BP: You also believe that Tom Jefferson brought up the sons he had with Sally to live out sides of his own personality and passions that he could not fully live out himself.
AG: His real love was woodworking. He spent most of his time with his carpenters, like Sally’s half-brother John Hemings and John’s apprentices. Tom made them sort of versions of himself that are not the exalted version, but if they were white as they were by VA law, carpenters, musicians, etc. They are a part of him, in a way, but it’s not the part that we focus on.
BP: Why do you think that people who deny Jefferson’s long relationship with Hemings do so? Is it good, old-fashioned racism?
AG: I am turning this over in my mind. There’s a puritan streak in the American consciousness, and Jefferson is one of our “pure” figures — or we want him to be that way.

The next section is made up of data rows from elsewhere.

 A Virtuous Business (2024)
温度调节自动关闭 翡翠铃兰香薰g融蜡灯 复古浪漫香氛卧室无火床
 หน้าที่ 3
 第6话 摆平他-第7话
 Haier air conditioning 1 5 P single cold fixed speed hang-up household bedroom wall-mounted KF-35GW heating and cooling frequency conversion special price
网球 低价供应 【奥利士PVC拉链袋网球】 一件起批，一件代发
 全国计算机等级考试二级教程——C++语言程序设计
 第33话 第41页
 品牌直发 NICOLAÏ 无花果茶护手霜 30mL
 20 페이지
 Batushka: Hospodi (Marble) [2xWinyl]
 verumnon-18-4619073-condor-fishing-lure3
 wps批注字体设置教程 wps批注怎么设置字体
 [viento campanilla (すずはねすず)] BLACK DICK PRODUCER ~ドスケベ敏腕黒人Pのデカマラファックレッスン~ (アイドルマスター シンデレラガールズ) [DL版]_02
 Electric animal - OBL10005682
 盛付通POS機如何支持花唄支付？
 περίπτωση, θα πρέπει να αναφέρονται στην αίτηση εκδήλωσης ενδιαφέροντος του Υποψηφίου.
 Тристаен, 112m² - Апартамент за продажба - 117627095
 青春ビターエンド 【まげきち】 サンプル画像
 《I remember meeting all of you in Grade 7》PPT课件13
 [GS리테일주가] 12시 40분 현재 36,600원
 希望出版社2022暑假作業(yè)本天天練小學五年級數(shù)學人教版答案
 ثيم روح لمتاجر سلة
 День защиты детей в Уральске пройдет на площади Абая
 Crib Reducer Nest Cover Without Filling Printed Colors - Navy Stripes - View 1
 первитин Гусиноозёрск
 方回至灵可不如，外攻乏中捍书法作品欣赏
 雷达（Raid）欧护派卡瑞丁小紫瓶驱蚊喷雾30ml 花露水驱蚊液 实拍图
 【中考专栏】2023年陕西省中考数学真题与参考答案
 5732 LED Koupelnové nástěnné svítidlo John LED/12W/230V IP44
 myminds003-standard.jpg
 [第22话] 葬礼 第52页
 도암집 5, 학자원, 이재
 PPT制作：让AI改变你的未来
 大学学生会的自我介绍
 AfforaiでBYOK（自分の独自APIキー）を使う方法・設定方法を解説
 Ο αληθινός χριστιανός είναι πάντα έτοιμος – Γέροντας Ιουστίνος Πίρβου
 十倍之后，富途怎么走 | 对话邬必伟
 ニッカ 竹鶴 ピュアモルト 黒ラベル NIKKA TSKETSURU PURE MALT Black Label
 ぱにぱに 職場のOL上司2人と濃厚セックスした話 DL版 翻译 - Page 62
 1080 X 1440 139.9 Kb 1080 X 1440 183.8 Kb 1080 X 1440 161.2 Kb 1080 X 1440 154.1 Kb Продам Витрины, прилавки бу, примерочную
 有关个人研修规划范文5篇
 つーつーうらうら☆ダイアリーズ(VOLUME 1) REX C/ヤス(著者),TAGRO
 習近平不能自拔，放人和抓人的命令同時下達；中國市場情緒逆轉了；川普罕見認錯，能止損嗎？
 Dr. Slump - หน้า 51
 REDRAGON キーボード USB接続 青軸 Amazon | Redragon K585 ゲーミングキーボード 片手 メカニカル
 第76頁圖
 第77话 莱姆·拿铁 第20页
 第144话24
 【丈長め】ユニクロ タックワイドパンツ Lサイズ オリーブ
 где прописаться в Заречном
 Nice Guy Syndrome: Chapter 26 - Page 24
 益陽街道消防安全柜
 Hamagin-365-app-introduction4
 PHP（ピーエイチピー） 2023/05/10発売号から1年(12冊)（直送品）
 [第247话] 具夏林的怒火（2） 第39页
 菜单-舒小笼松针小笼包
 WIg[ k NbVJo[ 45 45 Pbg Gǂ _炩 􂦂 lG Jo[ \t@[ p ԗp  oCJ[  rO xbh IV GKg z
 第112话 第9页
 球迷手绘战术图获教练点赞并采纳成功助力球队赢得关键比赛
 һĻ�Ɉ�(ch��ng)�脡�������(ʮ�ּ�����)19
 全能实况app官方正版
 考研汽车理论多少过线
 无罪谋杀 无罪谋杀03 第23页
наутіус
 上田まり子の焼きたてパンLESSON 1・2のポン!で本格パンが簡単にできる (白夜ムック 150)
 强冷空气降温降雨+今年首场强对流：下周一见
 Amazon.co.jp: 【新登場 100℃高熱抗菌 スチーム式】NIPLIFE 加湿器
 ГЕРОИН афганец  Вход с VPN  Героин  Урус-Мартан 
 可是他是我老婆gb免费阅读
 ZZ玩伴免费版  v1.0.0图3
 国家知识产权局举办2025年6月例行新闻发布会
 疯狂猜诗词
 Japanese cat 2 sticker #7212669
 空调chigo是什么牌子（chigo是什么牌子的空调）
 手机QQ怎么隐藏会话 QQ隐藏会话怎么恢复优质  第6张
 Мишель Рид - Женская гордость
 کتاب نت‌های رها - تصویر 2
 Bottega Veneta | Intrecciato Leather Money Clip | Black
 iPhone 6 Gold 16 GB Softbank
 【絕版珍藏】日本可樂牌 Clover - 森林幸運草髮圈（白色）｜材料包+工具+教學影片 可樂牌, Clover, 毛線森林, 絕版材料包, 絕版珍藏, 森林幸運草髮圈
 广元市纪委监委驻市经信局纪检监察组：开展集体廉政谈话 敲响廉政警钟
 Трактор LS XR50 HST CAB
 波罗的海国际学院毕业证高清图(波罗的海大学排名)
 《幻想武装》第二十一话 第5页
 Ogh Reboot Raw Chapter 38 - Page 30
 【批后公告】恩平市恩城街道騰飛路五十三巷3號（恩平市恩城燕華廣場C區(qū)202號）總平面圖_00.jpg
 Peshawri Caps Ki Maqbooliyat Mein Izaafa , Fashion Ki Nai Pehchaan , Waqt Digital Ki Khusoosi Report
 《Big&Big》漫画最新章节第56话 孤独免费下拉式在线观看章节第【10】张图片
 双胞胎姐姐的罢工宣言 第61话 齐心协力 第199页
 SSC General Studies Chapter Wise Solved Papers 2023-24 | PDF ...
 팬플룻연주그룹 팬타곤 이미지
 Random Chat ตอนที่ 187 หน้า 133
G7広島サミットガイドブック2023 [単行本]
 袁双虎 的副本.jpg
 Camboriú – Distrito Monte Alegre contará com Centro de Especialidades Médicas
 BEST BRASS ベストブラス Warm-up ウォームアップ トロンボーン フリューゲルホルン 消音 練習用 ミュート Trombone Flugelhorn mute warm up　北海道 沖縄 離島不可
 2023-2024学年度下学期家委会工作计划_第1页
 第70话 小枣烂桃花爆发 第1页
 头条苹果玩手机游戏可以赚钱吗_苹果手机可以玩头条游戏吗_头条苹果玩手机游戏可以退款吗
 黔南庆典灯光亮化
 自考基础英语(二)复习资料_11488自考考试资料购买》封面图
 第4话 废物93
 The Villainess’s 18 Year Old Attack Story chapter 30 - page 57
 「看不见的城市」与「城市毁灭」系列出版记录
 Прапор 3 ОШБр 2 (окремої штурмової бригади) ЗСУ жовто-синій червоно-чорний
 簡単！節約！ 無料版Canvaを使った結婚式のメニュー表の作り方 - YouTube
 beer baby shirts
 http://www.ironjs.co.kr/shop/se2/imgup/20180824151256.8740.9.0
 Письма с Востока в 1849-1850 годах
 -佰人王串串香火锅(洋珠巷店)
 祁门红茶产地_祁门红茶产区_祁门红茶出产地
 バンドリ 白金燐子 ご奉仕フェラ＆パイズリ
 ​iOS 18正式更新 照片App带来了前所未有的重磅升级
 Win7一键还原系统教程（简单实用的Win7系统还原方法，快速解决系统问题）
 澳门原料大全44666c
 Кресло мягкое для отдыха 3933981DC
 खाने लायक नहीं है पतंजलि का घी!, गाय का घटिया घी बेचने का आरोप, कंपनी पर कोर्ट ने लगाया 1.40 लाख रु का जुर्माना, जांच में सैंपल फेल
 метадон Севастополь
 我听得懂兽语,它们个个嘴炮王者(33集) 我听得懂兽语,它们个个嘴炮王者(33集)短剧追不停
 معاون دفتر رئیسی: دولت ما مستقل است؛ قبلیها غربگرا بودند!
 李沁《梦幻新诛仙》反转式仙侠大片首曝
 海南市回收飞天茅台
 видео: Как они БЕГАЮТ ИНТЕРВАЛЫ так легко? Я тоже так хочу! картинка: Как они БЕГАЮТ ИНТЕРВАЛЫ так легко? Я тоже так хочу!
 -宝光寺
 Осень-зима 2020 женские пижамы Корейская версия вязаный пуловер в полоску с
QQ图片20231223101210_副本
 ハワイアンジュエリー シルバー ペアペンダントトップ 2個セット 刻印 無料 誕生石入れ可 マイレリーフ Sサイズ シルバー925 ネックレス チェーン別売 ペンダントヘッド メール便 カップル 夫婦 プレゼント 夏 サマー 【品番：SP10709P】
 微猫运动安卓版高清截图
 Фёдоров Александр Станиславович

For him to have had sex with a partner he wasn’t supposed to is problematic for many people on several levels, especially for those people who draw his power from the notion that he was celibate after his wife’s death — after all, women sap your wisdome and strength, and all that notion.
We all draw boundaries around our families. It just happens that most people care about their immediate families most, but in the case of Jefferson, his fame makes him loom larger. There’s a racist and a sexist aspect about denying Sally Hemings and her family’s influence in Jefferson’s life, but for the family, it’s about protecting that membrane, that boundary, around who is in and who is out. In the case of this issue, I live a sort of 18th/19th century life; I don’t follow it completely. I had an interesting conversation with one of the Hemings-Jefferson descendants, who asked his great-grandfather if the whole story were true. The response? “Of course it’s true, but they’ll never prove it.” What you finally have is the people who show up, and speak up.
BP: After all of your research, how do you regard Jefferson today? How do you believe we all should regard him?
AG: He is one of the greatest Americans who ever lived, flaw and all. I just don’t think you can find an aspect of life in America that he did not have a hand in some way: slavery, race, women, agriculture, the arts, government…I find him a fascinating individual. I plan to write one more volume about the Hemingses, and then a biography of Jefferson that will be at least two volumes, maybe three.